‘Freezing Cold’: Black Sabbath Cover Art Model Recalls Photo Shoot
By Pip Doyle, Australian Radio Network
February 14, 2020
The freaky black-robed witchy woman on the cover of Black Sabbath’s debut album isn’t just a real person, she’s spoken out about the experience.
The record was released 50 years ago this week on – fittingly – on Friday 13.
The super-eerie cover art depicted what looked like a witch standing in the woods, outside a cottage. The sky is pink, and the band’s logo is written in gothic lettering.
It was photographed Keith “Keef” Macmillan at Oxfordshire’s Mapledurham Watermill, a historic building that dates back to the 15th century, because he thought it fit the dark, gothic sound of the band.
Louisa Livingstone, a model about 18 or 19 at the time, was selected by Macmillan partly because she was only 5-foot, which made the scenery around her look huge.

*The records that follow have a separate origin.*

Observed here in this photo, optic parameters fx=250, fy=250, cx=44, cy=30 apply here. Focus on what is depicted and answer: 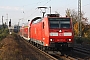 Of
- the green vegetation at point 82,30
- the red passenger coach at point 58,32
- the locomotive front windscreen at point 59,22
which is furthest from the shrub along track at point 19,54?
the green vegetation at point 82,30

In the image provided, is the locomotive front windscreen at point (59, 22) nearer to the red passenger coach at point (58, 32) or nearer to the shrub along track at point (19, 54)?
the red passenger coach at point (58, 32)

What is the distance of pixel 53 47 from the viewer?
1917cm

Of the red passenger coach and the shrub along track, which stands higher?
the red passenger coach

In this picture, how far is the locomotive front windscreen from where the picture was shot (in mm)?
19797

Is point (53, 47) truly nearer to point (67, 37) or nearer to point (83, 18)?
point (67, 37)

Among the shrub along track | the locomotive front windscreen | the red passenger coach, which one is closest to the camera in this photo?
the shrub along track

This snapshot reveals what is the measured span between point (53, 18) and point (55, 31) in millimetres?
1273

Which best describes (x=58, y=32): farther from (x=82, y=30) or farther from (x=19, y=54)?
(x=82, y=30)

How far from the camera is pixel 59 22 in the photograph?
19.9 m

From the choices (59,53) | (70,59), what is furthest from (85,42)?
(70,59)

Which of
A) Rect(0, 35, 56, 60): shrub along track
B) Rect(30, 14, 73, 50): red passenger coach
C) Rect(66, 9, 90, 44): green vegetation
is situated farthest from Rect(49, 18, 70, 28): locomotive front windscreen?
Rect(66, 9, 90, 44): green vegetation

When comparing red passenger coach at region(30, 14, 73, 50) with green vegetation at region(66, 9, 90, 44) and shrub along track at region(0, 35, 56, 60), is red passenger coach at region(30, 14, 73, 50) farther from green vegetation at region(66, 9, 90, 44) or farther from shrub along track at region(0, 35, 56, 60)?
green vegetation at region(66, 9, 90, 44)

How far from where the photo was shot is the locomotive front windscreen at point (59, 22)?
19797 mm

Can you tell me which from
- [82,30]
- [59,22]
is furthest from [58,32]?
[82,30] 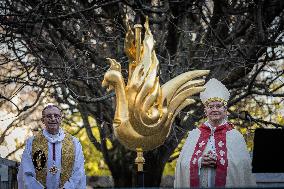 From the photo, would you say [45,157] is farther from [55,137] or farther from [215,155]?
[215,155]

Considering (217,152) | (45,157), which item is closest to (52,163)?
(45,157)

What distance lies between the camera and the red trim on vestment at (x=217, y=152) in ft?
30.3

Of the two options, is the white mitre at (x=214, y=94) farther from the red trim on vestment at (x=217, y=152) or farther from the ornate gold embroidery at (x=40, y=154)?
the ornate gold embroidery at (x=40, y=154)

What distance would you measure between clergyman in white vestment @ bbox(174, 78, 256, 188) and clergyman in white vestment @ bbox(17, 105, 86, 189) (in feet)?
4.88

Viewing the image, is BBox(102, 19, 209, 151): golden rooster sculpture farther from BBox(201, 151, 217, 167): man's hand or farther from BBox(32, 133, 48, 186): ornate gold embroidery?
BBox(32, 133, 48, 186): ornate gold embroidery

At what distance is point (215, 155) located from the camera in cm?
923

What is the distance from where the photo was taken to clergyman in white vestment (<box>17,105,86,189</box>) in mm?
10180

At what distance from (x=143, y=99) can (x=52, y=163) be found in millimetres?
3063

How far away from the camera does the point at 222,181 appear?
9234 mm

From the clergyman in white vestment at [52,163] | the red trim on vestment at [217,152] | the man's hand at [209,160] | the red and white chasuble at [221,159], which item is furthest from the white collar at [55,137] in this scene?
the man's hand at [209,160]

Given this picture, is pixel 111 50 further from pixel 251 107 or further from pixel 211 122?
pixel 211 122

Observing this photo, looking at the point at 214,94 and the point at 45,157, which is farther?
the point at 45,157

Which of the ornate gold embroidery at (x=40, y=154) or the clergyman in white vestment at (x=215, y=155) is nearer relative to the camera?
the clergyman in white vestment at (x=215, y=155)

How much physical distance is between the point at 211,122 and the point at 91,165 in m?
17.6
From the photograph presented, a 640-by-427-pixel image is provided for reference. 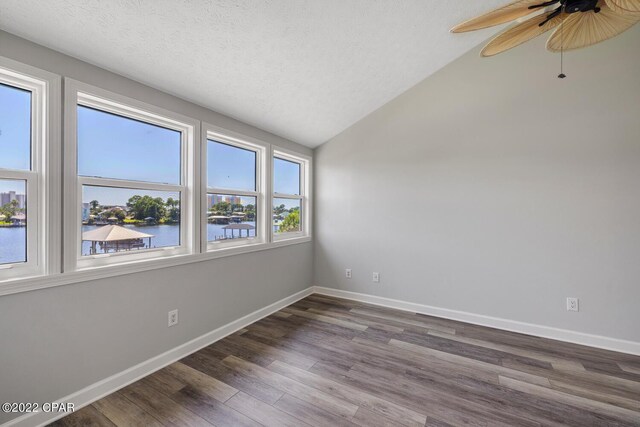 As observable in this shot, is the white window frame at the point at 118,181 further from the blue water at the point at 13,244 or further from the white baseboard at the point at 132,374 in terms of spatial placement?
the white baseboard at the point at 132,374

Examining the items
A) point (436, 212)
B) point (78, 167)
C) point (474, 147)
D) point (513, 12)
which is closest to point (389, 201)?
point (436, 212)

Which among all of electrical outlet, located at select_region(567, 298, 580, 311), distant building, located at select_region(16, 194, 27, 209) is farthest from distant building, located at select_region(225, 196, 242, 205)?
electrical outlet, located at select_region(567, 298, 580, 311)

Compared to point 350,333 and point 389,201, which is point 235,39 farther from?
point 350,333

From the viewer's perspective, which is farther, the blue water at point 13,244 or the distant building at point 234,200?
the distant building at point 234,200

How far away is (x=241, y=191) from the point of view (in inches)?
122

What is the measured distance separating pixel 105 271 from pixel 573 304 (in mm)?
4023

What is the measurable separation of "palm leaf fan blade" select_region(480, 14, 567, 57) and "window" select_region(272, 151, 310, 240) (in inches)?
98.0

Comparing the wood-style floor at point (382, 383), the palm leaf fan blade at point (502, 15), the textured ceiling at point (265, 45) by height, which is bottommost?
the wood-style floor at point (382, 383)

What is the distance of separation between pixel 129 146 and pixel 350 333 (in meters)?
2.61

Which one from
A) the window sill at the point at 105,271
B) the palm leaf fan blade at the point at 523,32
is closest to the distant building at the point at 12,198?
the window sill at the point at 105,271

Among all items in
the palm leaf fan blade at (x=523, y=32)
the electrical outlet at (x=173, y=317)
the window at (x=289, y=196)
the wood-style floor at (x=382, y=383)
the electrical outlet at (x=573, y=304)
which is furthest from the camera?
the window at (x=289, y=196)

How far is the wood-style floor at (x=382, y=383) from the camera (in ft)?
5.57

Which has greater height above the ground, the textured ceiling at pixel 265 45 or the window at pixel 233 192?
the textured ceiling at pixel 265 45

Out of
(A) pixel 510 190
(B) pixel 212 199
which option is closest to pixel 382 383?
(B) pixel 212 199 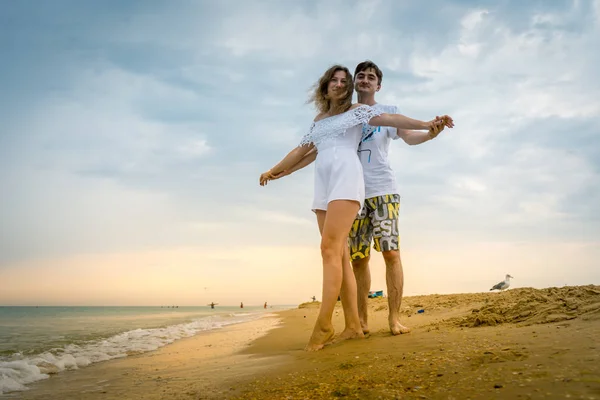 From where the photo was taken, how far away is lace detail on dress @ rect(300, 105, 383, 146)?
3584 millimetres

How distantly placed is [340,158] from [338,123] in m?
0.34

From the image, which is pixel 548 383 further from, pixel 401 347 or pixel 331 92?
pixel 331 92

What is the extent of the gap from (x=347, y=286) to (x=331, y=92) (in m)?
1.69

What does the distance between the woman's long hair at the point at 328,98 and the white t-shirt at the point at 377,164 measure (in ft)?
0.92

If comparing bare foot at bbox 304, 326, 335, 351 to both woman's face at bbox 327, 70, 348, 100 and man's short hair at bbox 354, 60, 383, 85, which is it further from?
man's short hair at bbox 354, 60, 383, 85

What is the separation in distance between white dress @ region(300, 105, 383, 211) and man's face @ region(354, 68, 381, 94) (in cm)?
57

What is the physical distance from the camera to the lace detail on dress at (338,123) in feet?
11.8

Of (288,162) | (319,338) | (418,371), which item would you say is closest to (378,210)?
(288,162)

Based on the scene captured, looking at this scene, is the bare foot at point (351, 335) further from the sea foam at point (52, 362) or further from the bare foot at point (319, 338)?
the sea foam at point (52, 362)

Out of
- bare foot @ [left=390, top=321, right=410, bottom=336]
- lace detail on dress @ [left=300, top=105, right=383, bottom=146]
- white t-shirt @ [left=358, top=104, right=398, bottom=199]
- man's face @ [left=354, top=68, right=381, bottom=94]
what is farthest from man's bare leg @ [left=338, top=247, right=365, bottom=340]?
man's face @ [left=354, top=68, right=381, bottom=94]

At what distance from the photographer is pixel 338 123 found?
3674mm

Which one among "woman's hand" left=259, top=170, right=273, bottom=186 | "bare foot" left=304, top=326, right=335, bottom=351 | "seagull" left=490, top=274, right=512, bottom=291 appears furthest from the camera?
"seagull" left=490, top=274, right=512, bottom=291

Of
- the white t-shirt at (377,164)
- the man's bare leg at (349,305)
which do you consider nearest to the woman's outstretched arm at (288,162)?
the white t-shirt at (377,164)

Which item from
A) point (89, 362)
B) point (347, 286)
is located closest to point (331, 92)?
point (347, 286) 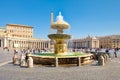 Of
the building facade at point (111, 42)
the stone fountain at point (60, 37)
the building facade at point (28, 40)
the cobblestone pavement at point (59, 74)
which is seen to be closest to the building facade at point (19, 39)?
the building facade at point (28, 40)

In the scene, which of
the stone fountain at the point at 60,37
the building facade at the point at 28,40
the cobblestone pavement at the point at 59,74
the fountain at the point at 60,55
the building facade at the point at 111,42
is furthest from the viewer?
the building facade at the point at 111,42

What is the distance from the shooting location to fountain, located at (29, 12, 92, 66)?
15.9 m

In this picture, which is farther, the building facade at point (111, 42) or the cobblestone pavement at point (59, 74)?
the building facade at point (111, 42)

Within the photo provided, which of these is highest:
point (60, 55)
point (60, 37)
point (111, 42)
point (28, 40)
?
point (28, 40)

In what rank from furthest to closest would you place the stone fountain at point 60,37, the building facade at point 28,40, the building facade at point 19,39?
the building facade at point 28,40, the building facade at point 19,39, the stone fountain at point 60,37

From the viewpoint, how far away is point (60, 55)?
61.7 ft

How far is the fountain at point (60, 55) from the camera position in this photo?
1595 cm

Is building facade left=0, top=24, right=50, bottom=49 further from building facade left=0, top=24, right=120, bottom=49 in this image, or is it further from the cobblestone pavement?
the cobblestone pavement

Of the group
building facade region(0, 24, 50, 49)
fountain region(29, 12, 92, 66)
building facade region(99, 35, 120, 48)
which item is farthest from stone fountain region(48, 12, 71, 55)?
building facade region(99, 35, 120, 48)

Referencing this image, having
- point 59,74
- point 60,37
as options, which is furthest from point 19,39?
point 59,74

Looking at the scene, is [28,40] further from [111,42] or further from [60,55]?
[60,55]

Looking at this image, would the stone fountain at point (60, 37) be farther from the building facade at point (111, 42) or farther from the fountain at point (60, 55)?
the building facade at point (111, 42)

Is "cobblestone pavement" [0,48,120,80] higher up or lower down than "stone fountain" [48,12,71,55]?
lower down

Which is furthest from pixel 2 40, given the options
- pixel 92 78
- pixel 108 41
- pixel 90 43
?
pixel 92 78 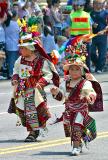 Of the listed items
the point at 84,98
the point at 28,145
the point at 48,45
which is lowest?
the point at 48,45

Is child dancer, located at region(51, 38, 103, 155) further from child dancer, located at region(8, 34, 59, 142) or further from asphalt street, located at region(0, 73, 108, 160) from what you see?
child dancer, located at region(8, 34, 59, 142)

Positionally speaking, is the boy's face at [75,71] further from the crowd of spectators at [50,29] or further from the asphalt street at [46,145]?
the crowd of spectators at [50,29]

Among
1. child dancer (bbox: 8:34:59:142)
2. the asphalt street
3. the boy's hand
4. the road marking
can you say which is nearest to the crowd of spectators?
the asphalt street

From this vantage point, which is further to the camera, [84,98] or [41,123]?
[41,123]

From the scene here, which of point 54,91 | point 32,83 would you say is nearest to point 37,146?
point 32,83

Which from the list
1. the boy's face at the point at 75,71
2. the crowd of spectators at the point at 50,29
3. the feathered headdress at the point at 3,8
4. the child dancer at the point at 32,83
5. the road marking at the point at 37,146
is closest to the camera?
the boy's face at the point at 75,71

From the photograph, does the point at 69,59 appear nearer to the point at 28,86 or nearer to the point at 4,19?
the point at 28,86

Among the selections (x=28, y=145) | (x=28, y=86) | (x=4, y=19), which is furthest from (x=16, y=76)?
(x=4, y=19)

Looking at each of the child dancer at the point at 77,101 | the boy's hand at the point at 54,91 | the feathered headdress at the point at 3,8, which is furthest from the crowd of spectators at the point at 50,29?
the boy's hand at the point at 54,91

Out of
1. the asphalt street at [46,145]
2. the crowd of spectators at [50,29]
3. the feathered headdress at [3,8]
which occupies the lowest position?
the crowd of spectators at [50,29]

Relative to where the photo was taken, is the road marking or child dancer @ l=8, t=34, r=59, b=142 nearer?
the road marking

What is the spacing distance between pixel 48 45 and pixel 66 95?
1203 centimetres

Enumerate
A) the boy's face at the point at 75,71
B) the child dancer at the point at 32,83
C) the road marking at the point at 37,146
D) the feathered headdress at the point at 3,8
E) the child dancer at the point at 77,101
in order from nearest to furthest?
the child dancer at the point at 77,101 < the boy's face at the point at 75,71 < the road marking at the point at 37,146 < the child dancer at the point at 32,83 < the feathered headdress at the point at 3,8

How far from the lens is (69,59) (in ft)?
35.0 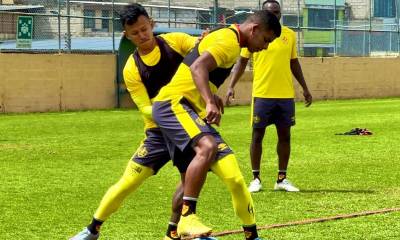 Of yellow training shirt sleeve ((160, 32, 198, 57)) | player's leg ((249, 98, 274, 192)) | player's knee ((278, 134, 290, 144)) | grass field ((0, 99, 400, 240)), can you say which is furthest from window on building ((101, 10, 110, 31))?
yellow training shirt sleeve ((160, 32, 198, 57))

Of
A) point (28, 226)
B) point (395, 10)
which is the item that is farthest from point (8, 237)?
point (395, 10)

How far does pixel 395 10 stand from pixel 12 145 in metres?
27.3

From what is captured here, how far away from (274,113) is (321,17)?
26.9 meters

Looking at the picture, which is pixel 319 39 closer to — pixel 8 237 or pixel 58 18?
A: pixel 58 18

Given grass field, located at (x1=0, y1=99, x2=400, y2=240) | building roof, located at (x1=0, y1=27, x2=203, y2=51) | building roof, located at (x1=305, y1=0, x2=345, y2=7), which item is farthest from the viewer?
building roof, located at (x1=305, y1=0, x2=345, y2=7)

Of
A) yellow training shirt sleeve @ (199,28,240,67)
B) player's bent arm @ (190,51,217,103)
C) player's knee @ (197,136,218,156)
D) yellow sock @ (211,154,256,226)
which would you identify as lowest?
yellow sock @ (211,154,256,226)

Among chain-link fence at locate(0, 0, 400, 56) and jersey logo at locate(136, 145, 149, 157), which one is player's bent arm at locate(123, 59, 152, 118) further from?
chain-link fence at locate(0, 0, 400, 56)

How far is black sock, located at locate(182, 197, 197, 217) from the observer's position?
18.9 feet

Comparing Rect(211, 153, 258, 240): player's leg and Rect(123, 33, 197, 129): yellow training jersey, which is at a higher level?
Rect(123, 33, 197, 129): yellow training jersey

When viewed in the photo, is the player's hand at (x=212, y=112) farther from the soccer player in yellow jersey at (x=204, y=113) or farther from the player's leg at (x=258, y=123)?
the player's leg at (x=258, y=123)

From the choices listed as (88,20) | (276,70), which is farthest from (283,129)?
(88,20)

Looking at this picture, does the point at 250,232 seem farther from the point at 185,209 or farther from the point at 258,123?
the point at 258,123

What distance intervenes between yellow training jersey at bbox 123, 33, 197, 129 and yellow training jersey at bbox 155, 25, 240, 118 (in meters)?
0.31

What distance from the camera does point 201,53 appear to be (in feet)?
19.6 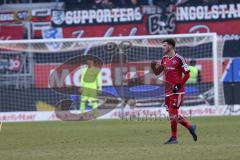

“I remember it was freezing cold,” she told Rolling Stone.
“I had to get up at about 4 o’clock in the morning. Keith was rushing around with dry ice, throwing it into the water. It didn’t seem to be working very well, so he ended up using a smoke machine.
“It was just, ‘Stand there and do that.’ I’m sure he said it was ‘for Black Sabbath’, but I don’t know if that meant anything much to me at the time.”
Macmillan said that Livingstone didn’t wear any clothing under the cloak because they were trying to do things that were slightly more risqué, but that idea didn’t really work.
“Any kind of sexuality took away from the more foreboding mood,” Macmillan said.
“But she was a terrific model. She had amazing courage and understanding of what I was trying to do.”